“Music Unwound,” the $300,000 NEH initiative funding a consortium of adventurous orchestras, has two basic components. The first is contextualized thematic programming — it supports concerts that explore music from a variety of vantage points, including visual art and literature. The second is linkage — it supports connecting such programming with art museums, schools (grades 3 to 12), colleges, and universities.
The latest “Music Unwound” project was “Dvorak and America,” presented by the Pacific Symphony Youth Orchestra — a gifted aggregate of 100 high school musicians supervised by Southern California’s exceptional Pacific Symphony (long a national leader in thematic programming and new concert formats). The lead-up to the orchestra’s Dvorak concert included classroom presentations in three high schools and an elementary school. The concert itself comprised a first half — including a visual track and the bass-baritone Terry Cook — exploring the Dvorak story and the programmatic resonances of the New World Symphony. Part two of the concert was a performance of the symphony itself. The concert was attended by hundreds of students from the participating schools.
All four schools fall within the Irvine public school district, in which instrumental music is a longstanding high priority, thanks to support from Irvine Company. The high schools I visited all had multiple orchestras. The elementary school had both string and wind ensembles. What “Music Unwound” brought to these schools was a push toward integrating music education with music history — and also with American history and literature.
At one of the high schools, I was delighted to discover that my Dvorak presentation was attended by an American History class — whose teacher confided that the topics I addressed comprised “a hole in the curriculum.” These topics included three that I have long believed belong in any overview of the Gilded Age: Dvorak’s New World Symphony, Longfellow’s The Song of Hiawatha, and the paintings of Frederic Church. It was through this music, this poem, and these paintings that Americans in the late nineteenth century saw and defined themselves. I cannot imagine how anyone could study nineteenth century American history without recourse to such iconic cultural markers.
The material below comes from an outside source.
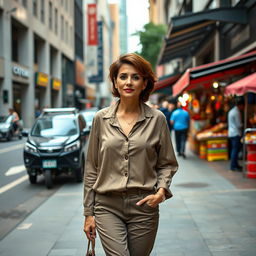 A beautiful Colombian woman aged between 40 and 45, with a fashionable hairstyle, walking confidently through a city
The participating music teachers felt empowered by the “Music Unwound” experience to amplify the impressive instrumental skills of their students with something more. There is a disconnect here that orchestras can help schools to address. In the Irvine, there are already prospective plans to link with the Pacific Symphony’s Rite of Spring festival next season. The next “Music Unwound” Dvorak festival will be presented by the Buffalo Philharmonic in April.